A stop message's action will be "STOP"
This message is sent by the DM when an Instance Pod, one that is part of a Workflow Step, completes, successfully or otherwise. Salient parts of the protocol buffer message are:
has_exit_code = (True if there is an exit code, ignore the message when False) exit_code = (0 on success, any other value indicates failure) instance = (UUID of the Data Manager Step/Job Instance)
Using the instance
property (a UUID string identifying the Step's Instance) the engine can retrieve the database Instance object, which will contain a reference to the RunningWorkflowStep record. Using this, the engine should be able to advance the workflow, starting the next step or terminating the running workflow.
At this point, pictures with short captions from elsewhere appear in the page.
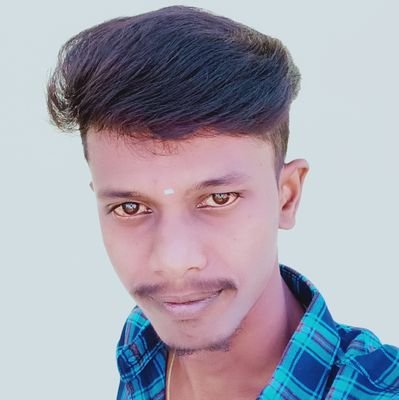 VijayDMadal's profile picture. Dei hard fan of Thalapathy Vijay @actorvijay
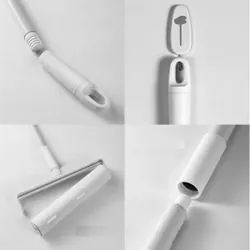 Cây lăn bụi 713782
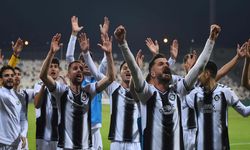 Altay’da seri hesabı: İlk yarı Afyon’da kapanıyor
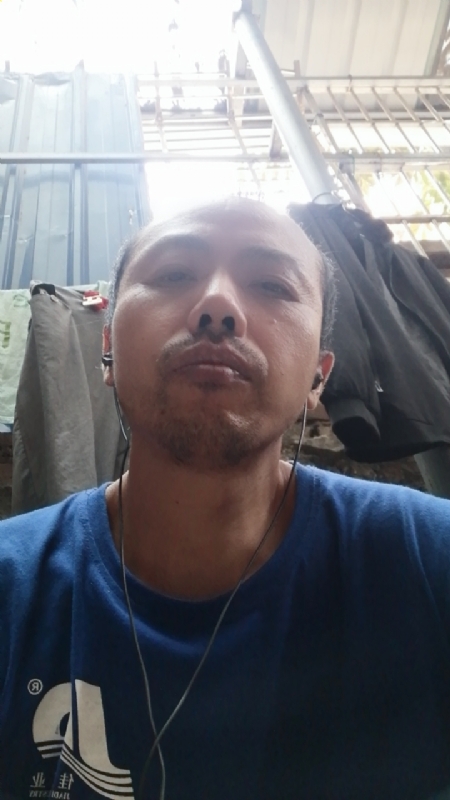 平的第一张照片--梅州相亲服务中心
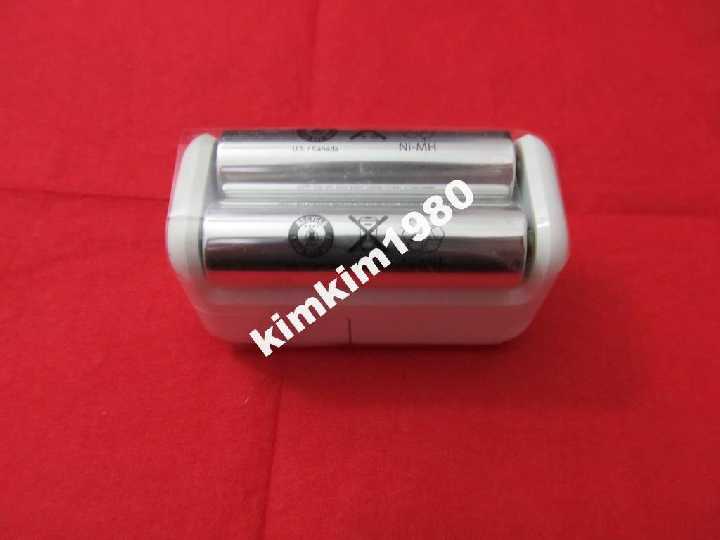 Зарядное устройство Apple MC500LL/A - фото фото фото 1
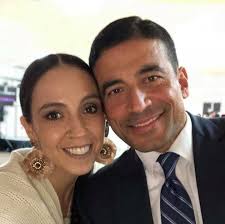 Nicholas "Nico" LaHood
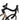 Ridley Grifn A 2025 - Shimano 105 2x12sp - DT Swiss G 1800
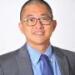 Photo: Dr. Kyung Ji, MD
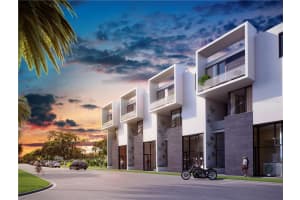 1552 4th St, Sarasota, FL 34236, Sold 05/14/21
The following simplified message sequence diagram (discussed below) illustrates the engine's basic operation. For clarity some components are not shown. These include the RabbitMQ messaging service, Job operator, and Kubernetes event system. Don't worry if you do not understand the role of these services - they're not needed in order to describe the engine's basic operation.

A user uses the DM UI or its public REST API to "run" a workflow. After checking the legitimacy of the request the API creates a new RunningWorkflow
record and then initiates the workflow by dispatching a WorkflowMessage START
message containing the record's identity. The API then returns a CREATED
API response to the caller, giving the user the running workflow record ID.
The message is received by the DM Protocol Buffer Consumer (PBC) - a Pod that handles all messages and then passes the message to an instance of the WorkflowEngine class via its handle_message()
method.
All messages sent to the workflow engine come from the PBC.
The Workflow engine responds to this START
message by using the Workflow API object to obtain the running workflow and workflow records. The engine's role during a START
is to locate the first step, satisfy its variables and call the LaunchInstance's launch()
method.
The instance launcher is responsible for creating a RunningWorkflowStep
record, used to track the state of the Step about to run. Additionally Task
and Instance
records are created, and used by any service that needs to, to track the job instance that represents the Step.
The launcher finishes by creating a CultivateMessage that eventually results in the instance Pod being created from the context of the DM Celery Task Worker (CTW) Pod.
The CTW is used to run things in the background or run long-running operations.
After the step's instance has finished an internal Kubernetes event is picked-up by the DM Kubernetes Event Watcher (KEW) Pod and translated into a PodMessage, which is then processed by the PBC.
The PBC responds to this (which is a message known to represent a Step's conclusion) and, as before, passes it to the workflow engine's handle_msg()
function.
The engine responds to the PodMessage by loading the corresponding step, running workflow, and workflow records to determine the next course of action. This may be the launch of another step or the end of the workflow. In either case the engine updates the step and running workflow records so that the state of the running workflow can be inspected in real-time via the DM public API.